Aprile è stato il mese in cui ho ricominciato a creare e sperimentare, in cui ho ripreso contatto con la parte più profonda di me, da tanto nascosta e taciuta. È stato un mese pieno di prove, esperimenti, anche di cose brutte (che non vedrete mai). Quella che segue una piccola selezione.

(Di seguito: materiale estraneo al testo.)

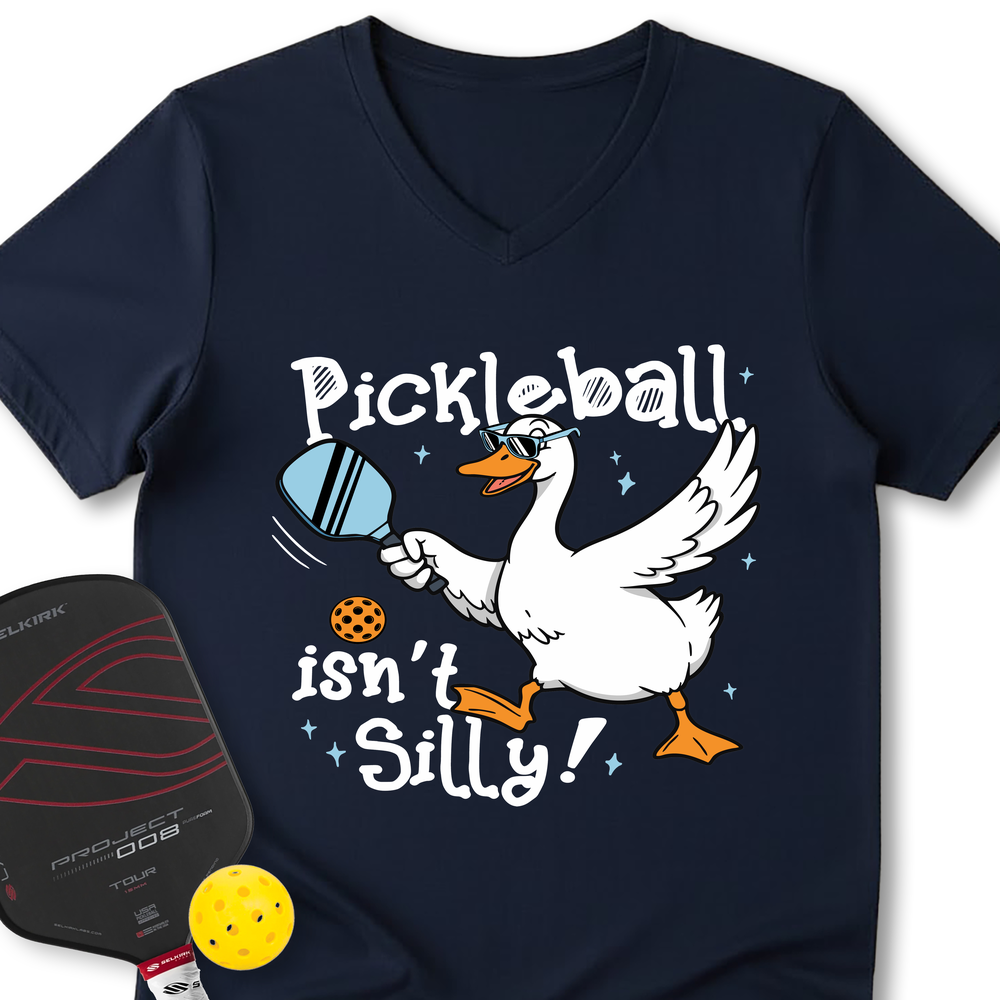 Pickleball Isn’t Silly Graphic Tee V-Neck T-Shirt - Picklechillz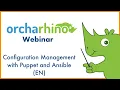 Webinar Configuration Management with Puppet Ansible in orcharhino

Senzatitolo numero due, opera digitale, parte di una serie di otto. Estemporanee di Adriana Anselmo.
Edizione 2020

Senzatitolo_26.04.2020

Stamattina così, prima di svegliarmi, fare colazione, ricordarmi come mi chiamo, avevo questo quadro in mente che ieri sera mi ha lasciato sospesa, ma una forma era troppo poco per esprimersi al meglio ed è diventata una serie.
(#bf – ed. 2020)

Mente. Edizione 2013. Opera digitale di Adriana Anselmo.
Edizione precedenti al 2020

Mente

Questo quadro ha molti anni. È tra i pochi che ho già stampato e su tre supporti diversi: plexiglass, argento applicato su dibond e stoffa.
L’esperimento consisteva nel dimostrare che il materiale è parte stessa dell’opera e ne determina le caratteristiche.
(Quando li recupero dal deposito, dove sono finiti causa trasloco, pubblicherò anche le foto).

(#bf – ed. 2013)

TelaVirtuale. Edizione 2013. Opera digitale di Adriana Anselmo.
Edizione precedenti al 2020

Tela Virtuale

Di quest’opera esiste una versione edita: stampa su argento applicata su dibond. All’epoca la stampa diretta era un lusso per pochi. In ogni caso, deformazione professionale, credo che non sempre sia adatta.
Il bello di un’opera digitale che muta in base a come la realizzi oltre che per l’occhio di chi la guarda.

(#bf – ed. 2013)

Dream. Edizione 2020. Opera digitale. Estemporanee di Adriana Anselmo.
Edizione 2020

Dream

L’edizione originale è del 2013. Considero quest’opera un giochino di stile, un allenamento, un rimprendere le misure con questo mondo che ho tenuto nascosto per molto tempo.